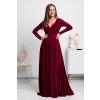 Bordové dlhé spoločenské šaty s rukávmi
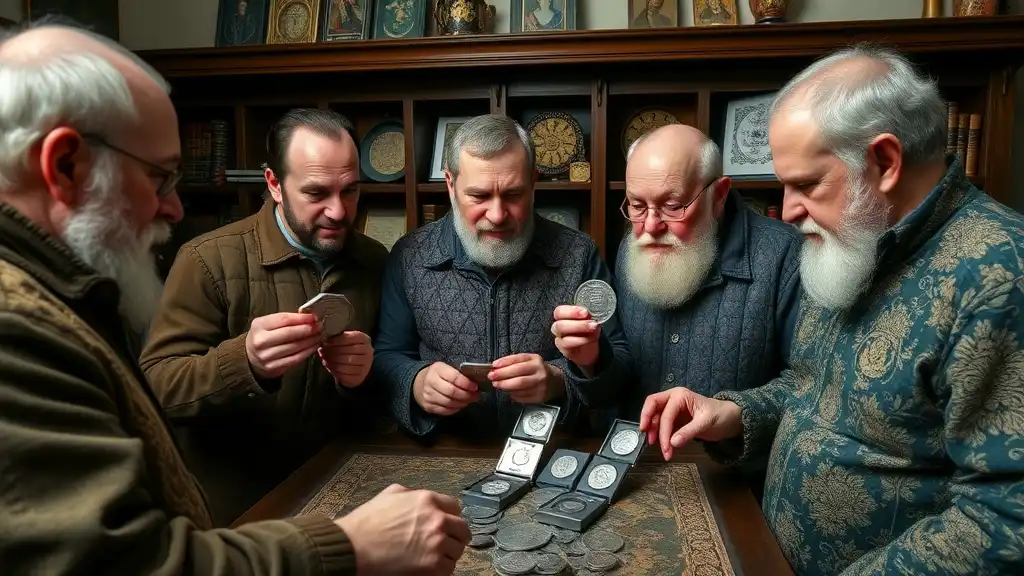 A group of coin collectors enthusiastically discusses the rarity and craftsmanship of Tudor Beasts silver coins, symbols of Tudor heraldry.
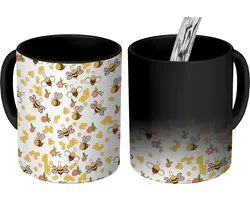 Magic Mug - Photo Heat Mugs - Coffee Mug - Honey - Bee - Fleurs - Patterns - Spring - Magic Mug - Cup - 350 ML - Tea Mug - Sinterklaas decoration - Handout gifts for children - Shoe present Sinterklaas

* * *

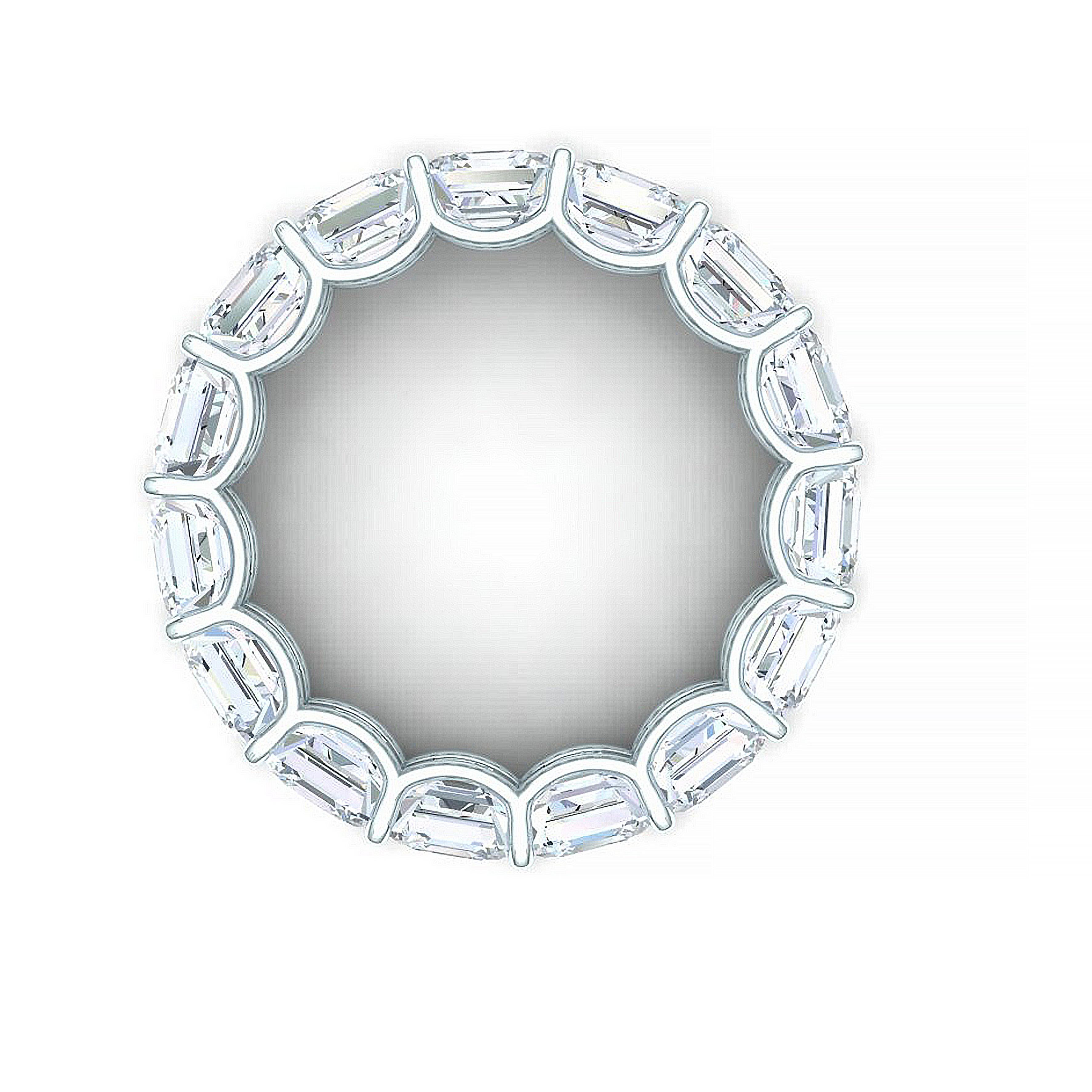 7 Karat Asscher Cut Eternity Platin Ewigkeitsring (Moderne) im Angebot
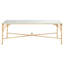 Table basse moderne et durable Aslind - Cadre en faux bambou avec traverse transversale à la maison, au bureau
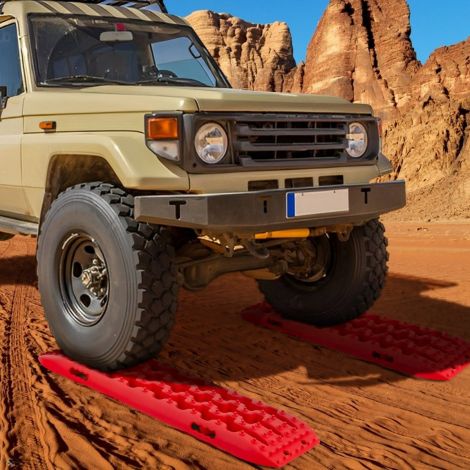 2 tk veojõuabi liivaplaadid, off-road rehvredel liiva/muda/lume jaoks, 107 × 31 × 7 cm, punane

...

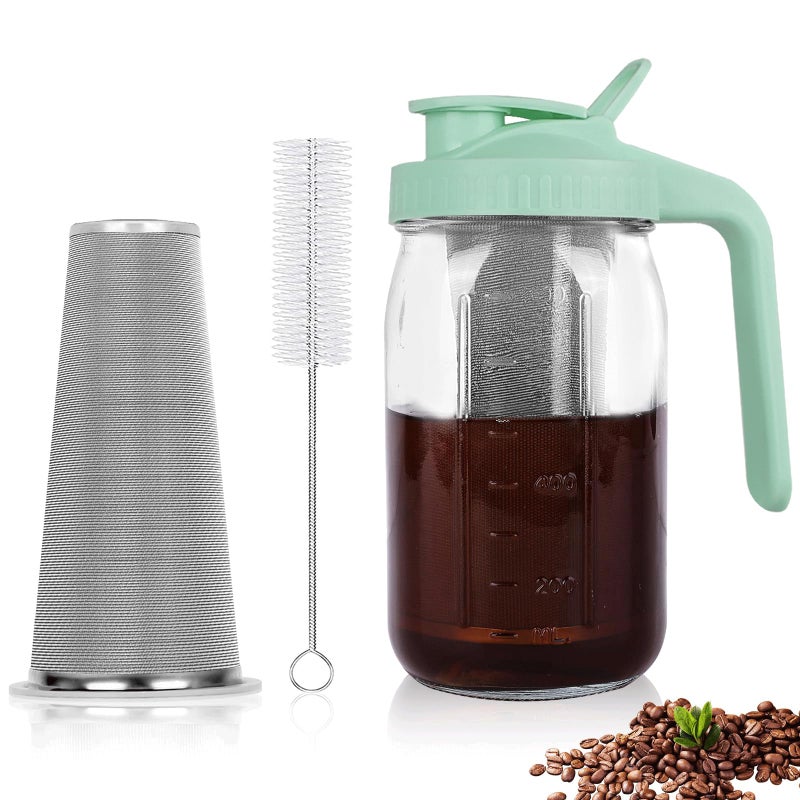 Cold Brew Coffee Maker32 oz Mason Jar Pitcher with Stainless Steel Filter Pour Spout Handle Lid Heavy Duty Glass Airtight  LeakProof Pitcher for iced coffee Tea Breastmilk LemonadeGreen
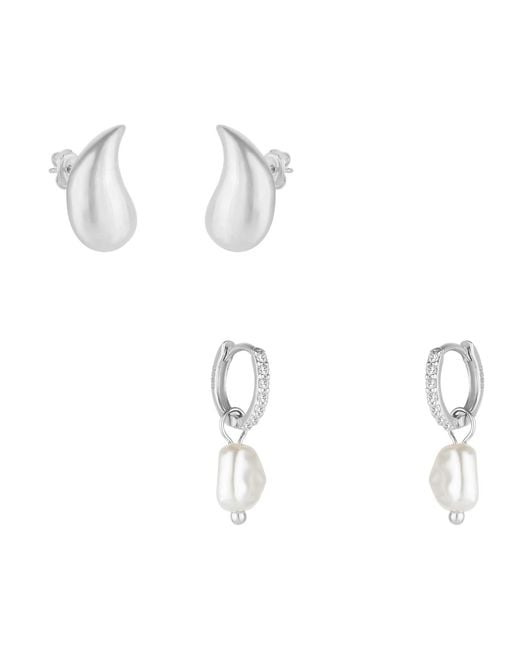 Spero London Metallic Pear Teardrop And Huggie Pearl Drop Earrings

(WORK ITEM): Here the job is to copy the listing above word for word, starting at the line with "Bordové dlhé spoločenské šaty s rukávmi" and ending at the line with "Magic Mug - Photo", and to leave out the pictures.

(SOLUTION):
 Bordové dlhé spoločenské šaty s rukávmi
 A group of coin collectors enthusiastically discusses the rarity and craftsmanship of Tudor Beasts silver coins, symbols of Tudor heraldry.
 Magic Mug - Photo Heat Mugs - Coffee Mug - Honey - Bee - Fleurs - Patterns - Spring - Magic Mug - Cup - 350 ML - Tea Mug - Sinterklaas decoration - Handout gifts for children - Shoe present Sinterklaas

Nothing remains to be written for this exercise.